One thing about this grand theatrical tradition is its detailed and unhurried screenplay. The 70-minute show had time only for the Tirunokku (presentation of character from behind a screen) and a dialogue between Narada and Ravana before they set off for the confrontation with Bali.
An important part of this was Ravana's soliloquy on how he acquired the Chandrahasam sword from Siva.
The performance was trying and exhilarating at the same time. Yes, it was difficult to follow the gestural language of Kathakali, more so when one is not familiar with the story, but the awe-inspiring acting (Ravana- Guru Sadanand Balakrishnan, Narada - Sadanand Basi) made up for any loss of clarity.
The performance began with the ritualistic lighting of the brass lamp and an invocation, after which was a long and spectacular ‘unveiling' ceremony.
Being the anti-hero, Ravana was in a kathi vesham with reddened eyes, face painted green (with red markings) and a bulbous nose. Narada, a Brahmin sage, was in a simple minukku (pink) vesham.

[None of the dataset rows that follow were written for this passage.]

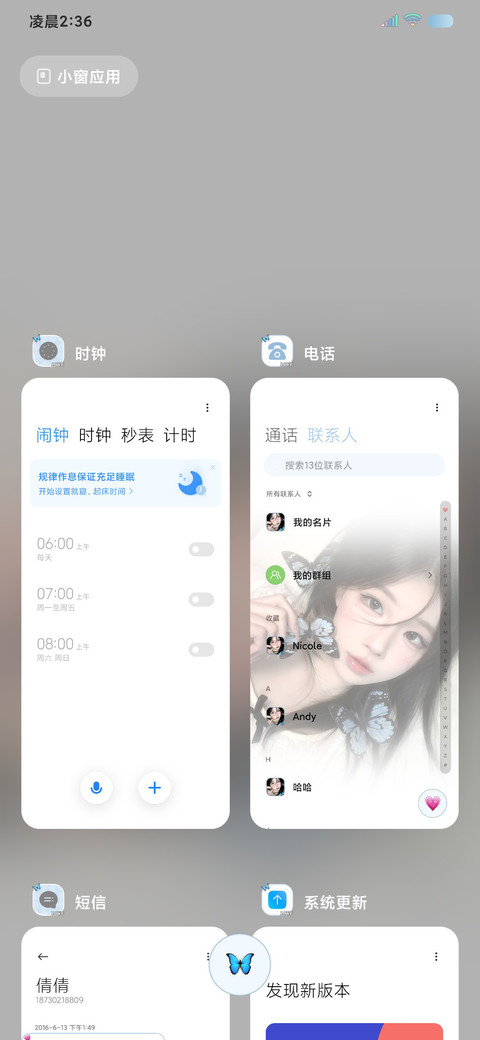 ins氛围蝴蝶来信 screenshot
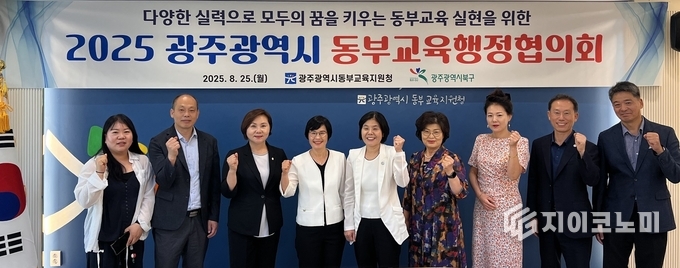 2025년 광주시 동부교육행정협의회 개최. 광주시교육청 제공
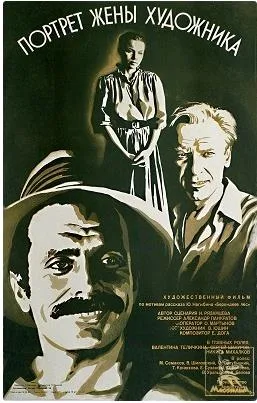 A Painter's Wife Portrait poster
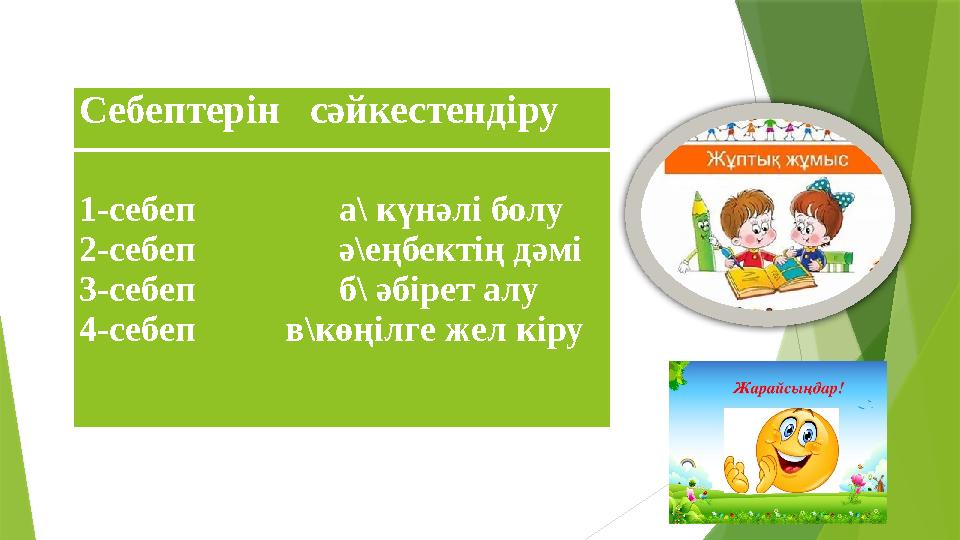 Себептерін сәйкестендіру 1-себеп а\ күнәлі болу 2-себеп ә\еңбектің дәмі 3-себеп б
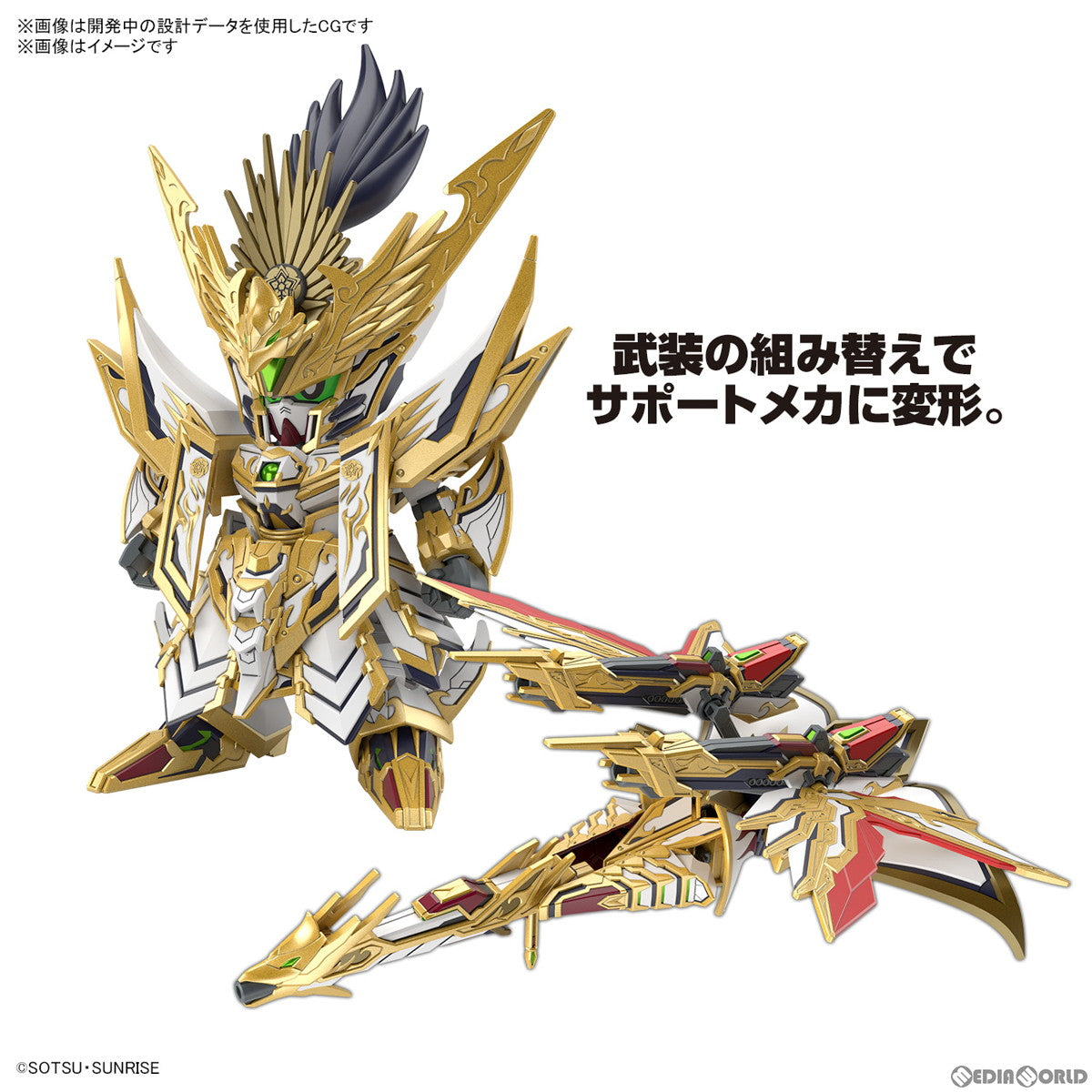 【中古即納】[PTM] (再販) SDW HEROES BB戦士 No.37 天下無双大将軍 SDガンダムワールド ヒーローズ 輝羅鋼 プラモデル(5066298) バンダイスピリッツ(20240727)
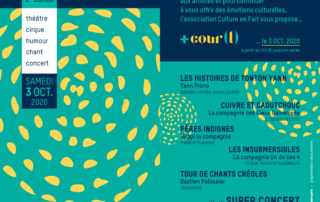 + cour (t) + cour (t)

It was only a conversation, but how dramatic it was! With the help of the dignified Sopana singers (Kalanilayam Unnikrishnan and Kalanilayam Rajiv) and the percussionists (Maddalam- Sadanand Devadas and Chenda- Sadanand Ramakrishnan), every tone and mood was magnified. Ravana's rage when Narada declares that Bali considers him a mere blade of grass was made into a mini-event!

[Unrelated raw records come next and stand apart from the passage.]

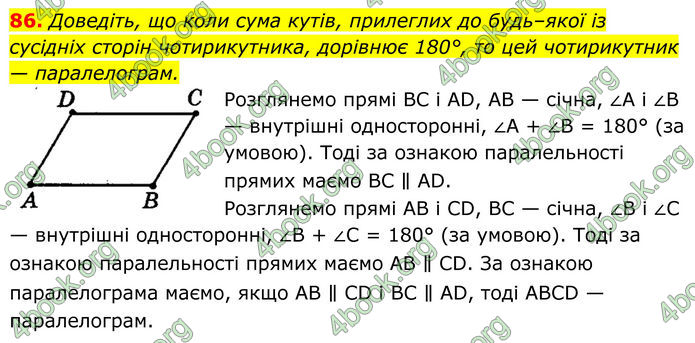 ГДЗ Геометрія 8 клас Мерзляк (2025) ГДЗ Геометрія 8 клас Мерзляк (2025)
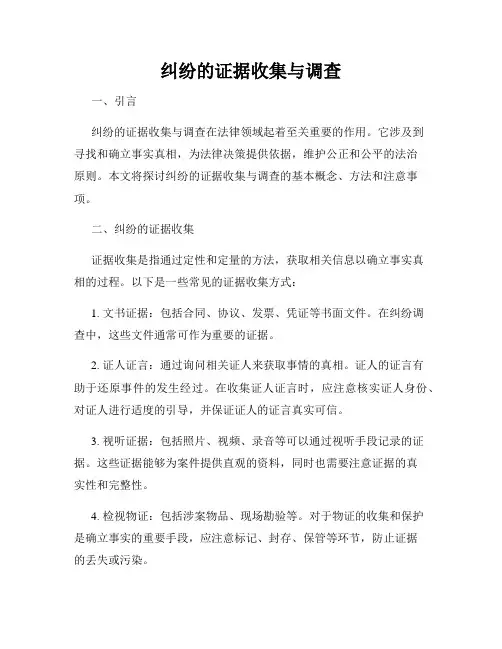 纠纷的证据收集与调查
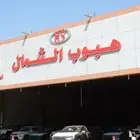 تويوتا كامرى 2025 هايبرد LE سقف بانوراما بالنقد والتقسيط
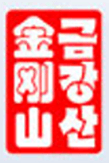 延边金刚山食品股份有限公司
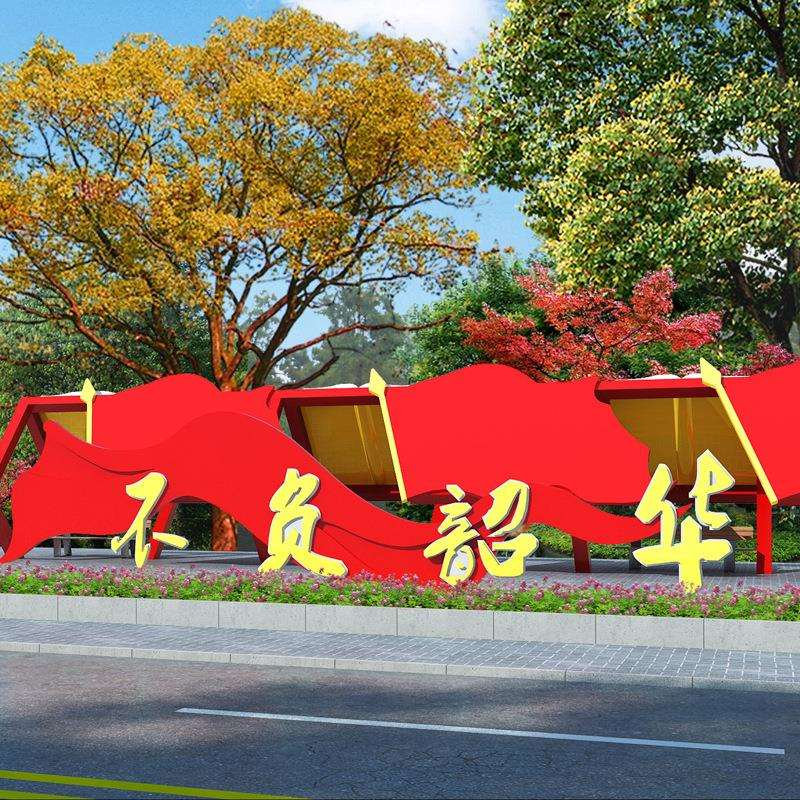 房地产精神堡垒制作不锈钢导向牌指示牌景区小区立牌落地导视牌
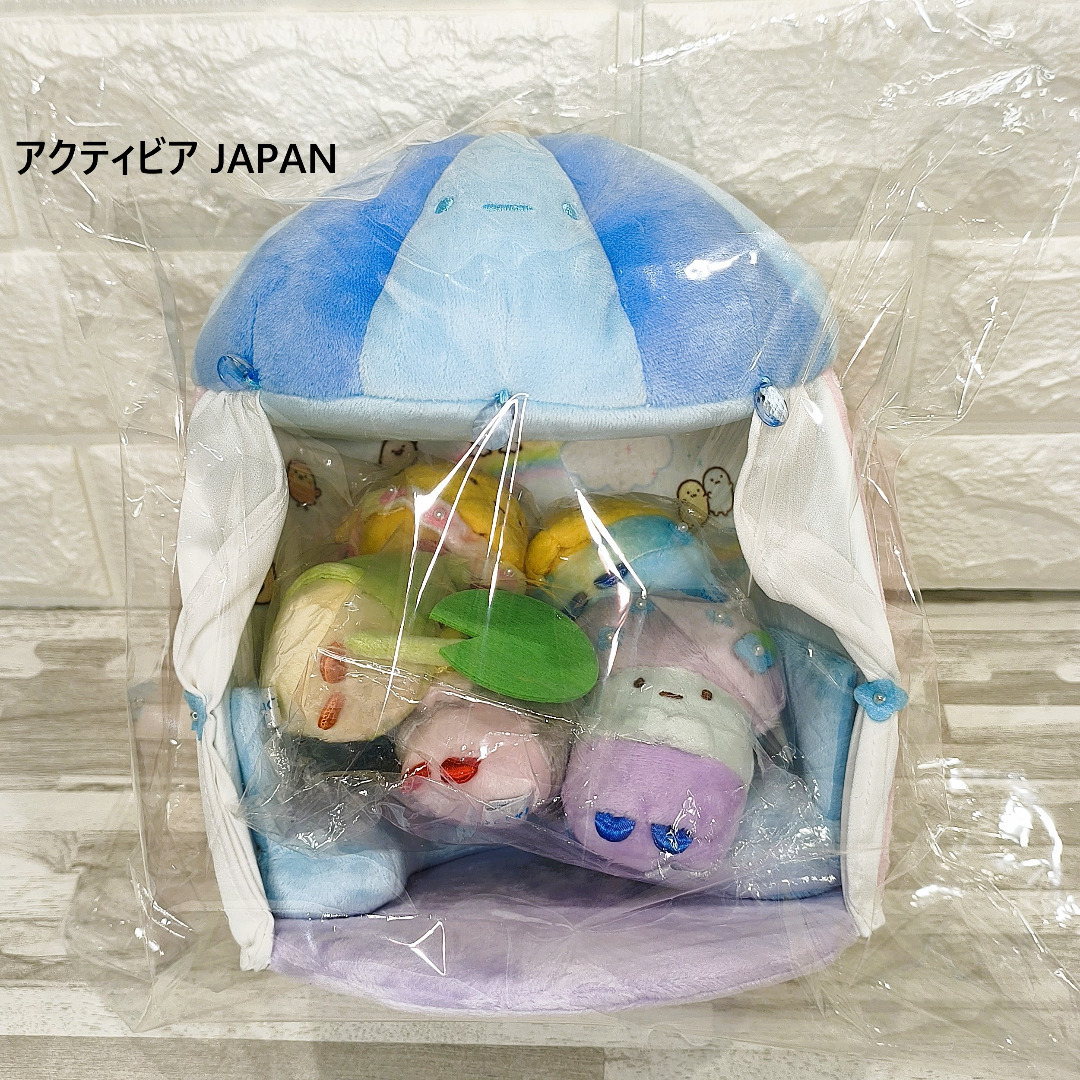 SG083 すみっコぐらし 大きな傘のおうち シーンぬいぐるみ ファン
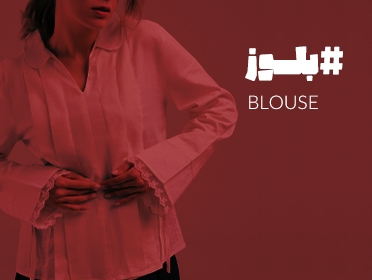 شومیز و بلوز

The highlight of the show though was Guru Balakrishnan's female impersonation.
While recounting the tale of how he tried to move Mount Kailash out of the way, Ravana described the scene in Siva's abode, where the divine couple had had a quarrel.
How Guru Balakrishnan could impersonate Parvathi -- she sees Siva with Ganga and gets hurt, cries worried about what others will think, carries a heavy baby Ganesa, holds the hand of a bigger child Muruga and prepares to leave to her mother's home -- despite donning a heavy dress, headgear and make-up fit for an aggressive male character!
All through the dialogue there was an underlying thread of humour that was fanned by a superior-looking Narada, who hardly had a few lines, but who made such a difference with his barely veiled condescension. This was theatre at its best!